# Cichlid Pellets?



## raymondII (Jul 11, 2007)

I read somewhere here that cichlid pellets are good to feed. IF this is true what kind of cichlid pellets should i get?


----------



## usahockey06 (Jan 15, 2007)

It is very true, although their entire diet should not be just pellets.

The hard part is getting them to eat pellets, I tried for 2 weeks. everyday i added 2 and left, 30 minutes later they were always still there.

If you do get them to eat them, it will improve their colors and health.

good luck.


----------



## raymondII (Jul 11, 2007)

I have a seperate 10 gallon tank that i keep the feeder fish in for a few weeks before i feed them to my Piranha.

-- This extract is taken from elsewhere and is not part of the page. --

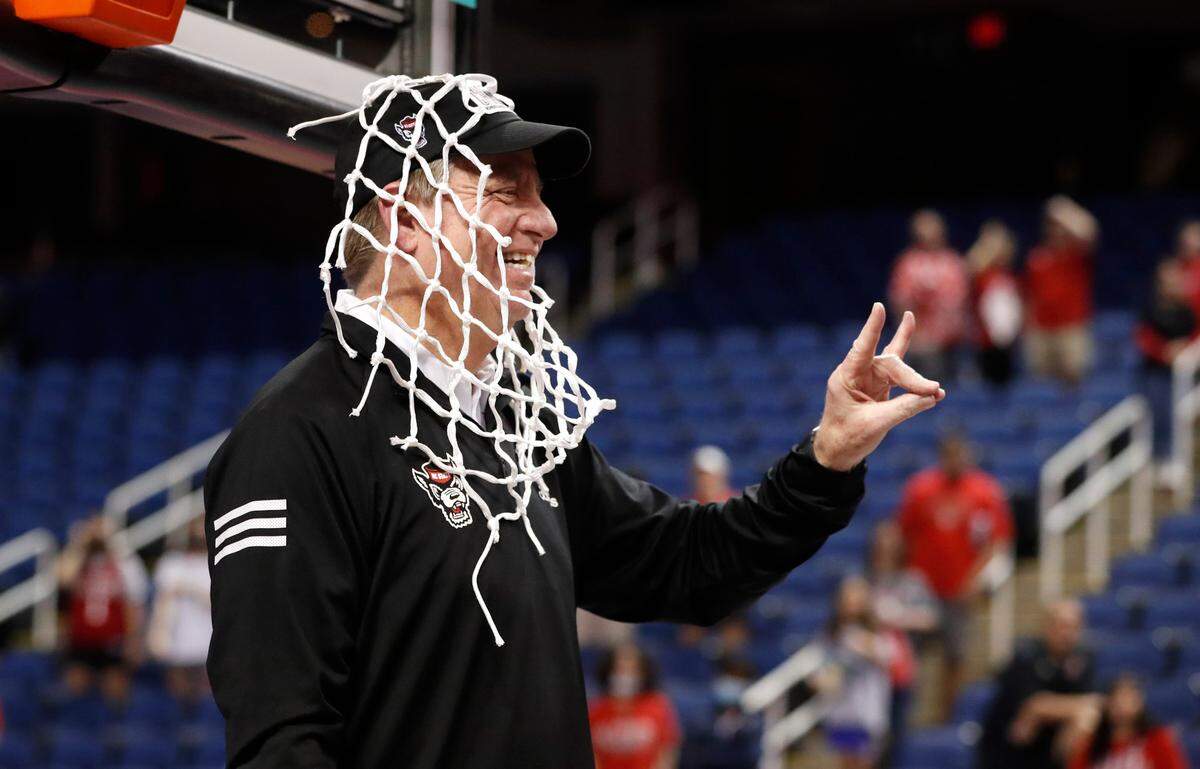 N.C. State head coach Wes Moore celebrates after cutting down the net after the Wolfpack’s 60-47 victory over Miami to win the ACC women’s basketball tournament in Greensboro, N.C., Sunday, March 6, 2022.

If i started feeding them the cichlid pellets, would my piranha benefit from the gold fish that have eating the pellets or no?


----------



## odyssey (May 30, 2006)

Dave on the Uk forum just bought a 13" caribe from a guy who grew him to that size just on hikari gold pellets in about 2 yrs from 3 ".


----------



## BlackSunshine (Mar 28, 2006)

New life Spectrum. best brand on the market. A much more robust mixture of all sorts of goodies we feed our fish all in a convent pellet. Its actually so good that you could feed them just that and they would be fine.


----------



## Hater (Apr 21, 2006)

Actually Hikari Bio Gold is the best brand there by far. Look at the ingredients and compare and you will soon realize why Hikari Bio Gold is so far ahead of the competition.

I have a mixture of pellets of several different brands and keep my mixed pygos on a diet that consist 80-90% pellets and every now and then I would feed smelt, shrimp or whatever I'm in the mood to feed them.

Stay away from the feeders. Feeders to your Piranhas is the equivalent of MCDonalds and Burger King to humans. Very bad for them.

Hater


----------



## BlackSunshine (Mar 28, 2006)

Hater said:


> Actually Hikari Bio Gold is the best brand there by far. Look at the ingredients and compare and you will soon realize why Hikari Bio Gold is so far ahead of the competition.
> 
> I have a mixture of pellets of several different brands and keep my mixed pygos on a diet that consist 80-90% pellets and every now and then I would feed smelt, shrimp or whatever I'm in the mood to feed them.
> 
> ...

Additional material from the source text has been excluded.